Eighteen brands of security camera digital video recorders (DVRs) are vulnerable to an attack that would allow a hacker to remotely gain control of the devices to watch, copy, delete or alter video streams at will, as well as to use the machines as jumping-off points to access other computers behind a company’s firewall, according to tests by two security researchers. And one of the researchers, security firm Rapid7′s chief security officer H.D. Moore, has discovered that 58,000 of the hackable video boxes, all of which use firmware provided by the Guangdong, China-based firm Ray Sharp, are accessible via the Internet.
“The DVR gives you access to all their video, current and archived,” says Moore. “You could look at videos, pause and play, or just turn off the cameras and rob the store.”
“It’s just a boneheaded decision on the part of [Ray Sharp],” says Moore. “Fifty-eight thousand homes and businesses are exposed because of the way these things cut holes in the firewall.”
Not boneheaded. Clever.
By checking the web interfaces of the vulnerable devices and analyzing the Ray Sharp firmware he downloaded from Swann’s website, Moore was able to identify 18 companies that seem to use the faulty code: Swann, Lorex, URMET, KGuard, Defender, DSP Cop, SVAT, Zmodo, BCS, Bolide, EyeForce, Atlantis, Protectron, Greatek, Soyo, Hi-View, Cosmos, and J2000.
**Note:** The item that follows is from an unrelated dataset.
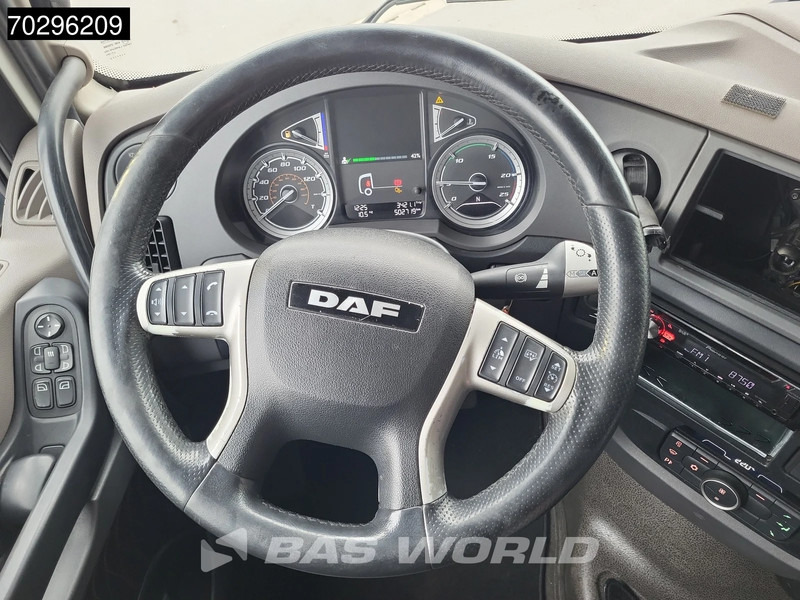 Tegljač DAF XF 480 XF 4X2 NL-Truck APK Mega SSC 2xTanks ACC Euro 6: slika Tegljač DAF XF 480 XF 4X2 NL-Truck APK Mega SSC 2xTanks ACC Euro 6 Tegljač DAF XF 480 XF 4X2 NL-Truck APK Mega SSC 2xTanks ACC Euro 6: slika Tegljač DAF XF 480 XF 4X2 NL-Truck APK Mega SSC 2xTanks ACC Euro 6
hanelyp wrote:Sounds like it you need to have these cameras on a network, put them behind a firewall and use a VPN if you must reach them from outside.
This should be standard practice. No end device should be directly accessible from the internet, it's dangerous and incredibly unsafe. For best security use a SSL based VPN solution like OpenVPN, beats the hell out of L2TP and IPSEC implementations. Properly configured it's not even detectable.
Yeah, this sounds more like a study of sites with poor network security not sites with vulnerable security cameras. A simple rule on the external interface of your firewall(s) that drops incoming packets destined for the cameras removes the vulnerability described.
Right. Poor network security. No firewall; the cameras were installed on open wireless networks.
One could make the same complaints about how there are thousands of hackable wide-open routers out there and not tell the story about how the users just didn't bother to set up WPA or better security.